Markets back Dimon not Kashkari on too-big-to-fail

Jamie Dimon, chairman and chief executive of JP Morgan Chase and Co, speaks at the 2012 Simon Graduate School of Business' New York City Conference in New York, May 3, 2012.Keith Bedford

LONDON (Reuters Breakingviews) - Two top bankers can’t agree on whether lenders are too big to fail. JPMorgan boss Jamie Dimon reckons the problem is solved. Fed banker Neel Kashkari disagrees, because using debt to absorb losses is flawed. Markets suggest Dimon is closer to the mark.

Dimon argues that banks will not need rescuing again because they have enough reserves and capital to be wound down. Minneapolis Federal Reserve President Kashkari reckons regulators won’t dare use so-called bail-inable debt anyway.

Kashkari has reasons to doubt. The insolvency of Lehman Brothers sent shockwaves through money and credit markets. That forced governments to rescue other lenders.

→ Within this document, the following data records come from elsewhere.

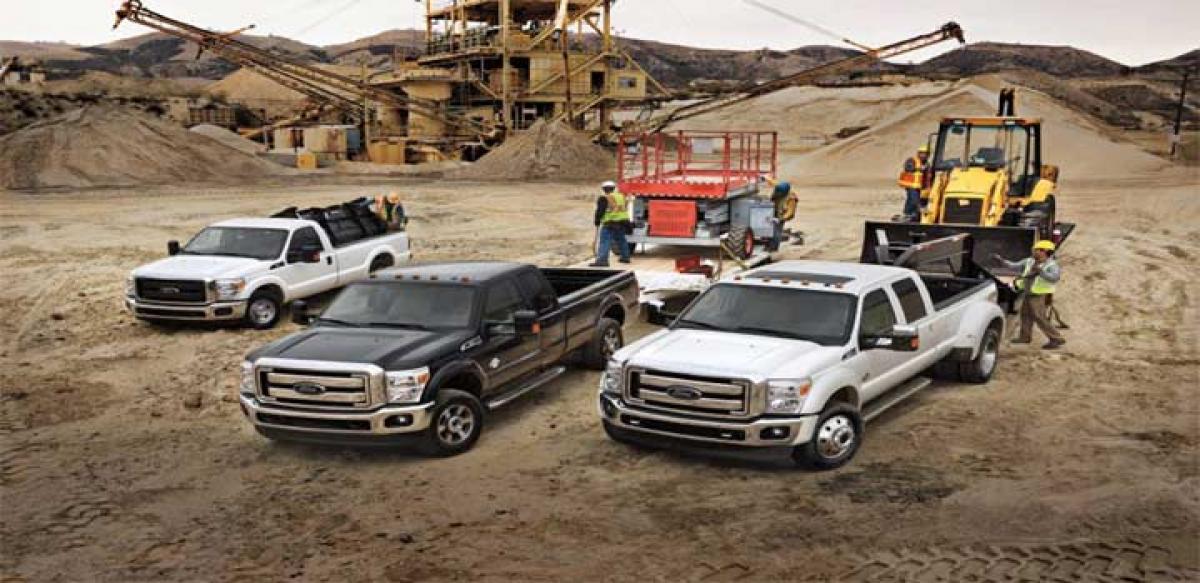 Ford unveils new super duty pickups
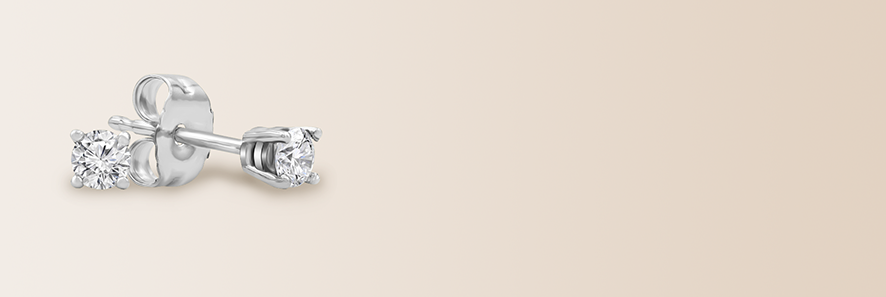 Complimentary diamond stud earrings with orders over $1,500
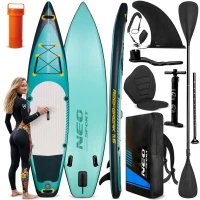 Neo-Sport 170303 Paddleboard SUP s příslušenstvím, Reefbreak, 160 kg, 350 cm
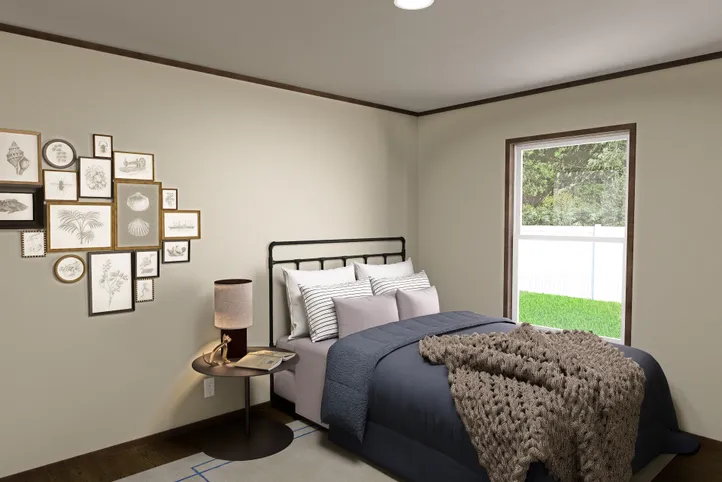 The MOROCCO Guest Bedroom. This Manufactured Mobile Home features 4 bedrooms and 2 baths.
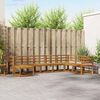 vidaXL Комплект дивани за открито 8 pcs Натурален и Антрацит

He is right that using debt to fund resolutions could amplify shocks, as it is marked down.

Yet there are reasons to hope that Lehman-style contagion should be reduced. Banks are now carving out specific tranches of debt, or issuing it from separate companies to prevent resolution destabilizing their main business. Regulations deter them from owning each other’s bail-inable securities.

Banks are also better capitalized. In the 2008-09 crisis, average losses and recapitalization costs were between 6 percent and 15 percent of risk-weighted assets, according to the Financial Stability Board. In that scenario common equity would be toast, but bail-inable debt would face modest losses.

The market gives regulators some credit. U.S. banks’ credit default swaps are not baking-in a much higher chance of the government stepping in than they are for ordinary companies. The 10-year credit default swap spread on six large U.S. banks is around 110 basis points, in line with spreads on corporate company debt.

Meanwhile, investors are receiving a premium for debt that is expected to take losses in a bail-in versus that which isn’t, charging banks for the support governments once volunteered. In Europe, the spread between senior debt eligible and ineligible to be hit is about 50 basis points for Santander. Bank of America’s holding-company debt pays a premium of about 30 basis points to its bank securities. Estimates for the historic subsidy for too-big-to-fail banks range from 25 basis points to 80 basis points, according to the Bank of England.

Dimon might still be wrong. Banks haven’t yet issued enough debt. In extreme cases, losses have exceeded bail-inable reserves. Cross-border banks may prove harder to resolve if authorities squabble over losses. Yet bond investors suggest regulators cannot be relied on to wimp out.